(DATA SUPPLIED begins)

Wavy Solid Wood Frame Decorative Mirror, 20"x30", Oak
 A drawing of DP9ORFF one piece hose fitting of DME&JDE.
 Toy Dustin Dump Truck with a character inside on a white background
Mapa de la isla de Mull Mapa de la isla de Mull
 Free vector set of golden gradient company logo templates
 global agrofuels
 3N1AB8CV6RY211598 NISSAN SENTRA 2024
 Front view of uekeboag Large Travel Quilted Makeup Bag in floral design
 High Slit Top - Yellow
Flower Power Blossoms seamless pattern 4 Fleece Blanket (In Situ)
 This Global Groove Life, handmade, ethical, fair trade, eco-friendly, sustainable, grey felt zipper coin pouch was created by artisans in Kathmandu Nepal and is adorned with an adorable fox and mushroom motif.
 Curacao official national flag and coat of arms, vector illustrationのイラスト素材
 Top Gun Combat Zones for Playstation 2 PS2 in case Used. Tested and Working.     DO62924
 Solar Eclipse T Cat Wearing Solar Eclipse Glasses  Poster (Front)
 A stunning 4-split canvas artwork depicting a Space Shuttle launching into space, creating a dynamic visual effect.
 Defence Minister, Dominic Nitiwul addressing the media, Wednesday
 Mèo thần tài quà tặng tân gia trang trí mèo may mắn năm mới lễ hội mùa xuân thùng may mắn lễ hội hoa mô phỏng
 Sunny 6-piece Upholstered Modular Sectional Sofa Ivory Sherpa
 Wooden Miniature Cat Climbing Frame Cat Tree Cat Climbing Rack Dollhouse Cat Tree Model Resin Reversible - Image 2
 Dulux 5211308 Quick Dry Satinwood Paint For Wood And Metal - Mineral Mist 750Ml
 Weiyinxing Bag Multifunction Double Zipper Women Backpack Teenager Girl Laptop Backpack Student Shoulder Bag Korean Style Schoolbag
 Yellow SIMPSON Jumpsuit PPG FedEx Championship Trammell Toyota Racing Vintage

(DATA SUPPLIED ends)

The response should consist of all the entries, set down exactly.

Wavy Solid Wood Frame Decorative Mirror, 20"x30", Oak
 A drawing of DP9ORFF one piece hose fitting of DME&JDE.
 Toy Dustin Dump Truck with a character inside on a white background
Mapa de la isla de Mull Mapa de la isla de Mull
 Free vector set of golden gradient company logo templates
 global agrofuels
 3N1AB8CV6RY211598 NISSAN SENTRA 2024
 Front view of uekeboag Large Travel Quilted Makeup Bag in floral design
 High Slit Top - Yellow
Flower Power Blossoms seamless pattern 4 Fleece Blanket (In Situ)
 This Global Groove Life, handmade, ethical, fair trade, eco-friendly, sustainable, grey felt zipper coin pouch was created by artisans in Kathmandu Nepal and is adorned with an adorable fox and mushroom motif.
 Curacao official national flag and coat of arms, vector illustrationのイラスト素材
 Top Gun Combat Zones for Playstation 2 PS2 in case Used. Tested and Working.     DO62924
 Solar Eclipse T Cat Wearing Solar Eclipse Glasses  Poster (Front)
 A stunning 4-split canvas artwork depicting a Space Shuttle launching into space, creating a dynamic visual effect.
 Defence Minister, Dominic Nitiwul addressing the media, Wednesday
 Mèo thần tài quà tặng tân gia trang trí mèo may mắn năm mới lễ hội mùa xuân thùng may mắn lễ hội hoa mô phỏng
 Sunny 6-piece Upholstered Modular Sectional Sofa Ivory Sherpa
 Wooden Miniature Cat Climbing Frame Cat Tree Cat Climbing Rack Dollhouse Cat Tree Model Resin Reversible - Image 2
 Dulux 5211308 Quick Dry Satinwood Paint For Wood And Metal - Mineral Mist 750Ml
 Weiyinxing Bag Multifunction Double Zipper Women Backpack Teenager Girl Laptop Backpack Student Shoulder Bag Korean Style Schoolbag
 Yellow SIMPSON Jumpsuit PPG FedEx Championship Trammell Toyota Racing Vintage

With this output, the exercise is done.